Much of the substance – or lack thereof – of the first 100 days has been covered either by my colleagues or in the broader media. For my part, the achievements have been interesting but limited. The very establishment of the GNU (not my choice, but now a reality) was itself a success, given the long-standing animosity between the ANC and DA. They have been able to stitch together the rudiments of a common agenda. Although the GNU’s Statement of Intent doesn’t qualify as a plan or a programme, it does set out some general parameters and an overall direction – which is not particularly contentious and so is good enough for an “in principle” buy-in. For me, the key provisions were for those requiring Constitutional governance (respect for the Constitution “in its entirety”), demanding a professional civil service, and prioritising economic growth.

There have been some visible governance wins, such as clearing backlogs at Home Affairs – something we know because Minister Leon Schreiber has made a point of telling us, often. Whether or not these are attributable to a new crop of ministers is less important than the narrative that they can carry, that the GNU is getting things working. Indeed, this is precisely what President Ramaphosa has been punting in the US, and what Deputy President Mashatile has been doing in the UK.

The currency and the JSE have responded positively to all this, and the idea that politicians – at least those in the rational centre – have seemingly been able to “put aside petty politics for the good of the country”. 

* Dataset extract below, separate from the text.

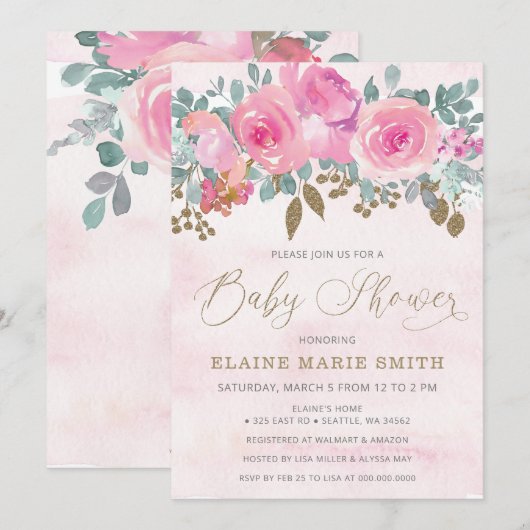 Elegant roze Baby in het Baby shower Bloom Kaart (Voorkant / Achterkant)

That said, 100 days is a short period in the five-year life of a government. It remains to be seen whether this arrangement can weather the inevitable disagreements that will arise from trying to turn the direction sentiment into actual policy. They may be able to agree on the imperative of growth, but there remains a vast chasm between the market-oriented, private-sector led approach favoured by the DA and the dirigiste view that looms large within the ANC.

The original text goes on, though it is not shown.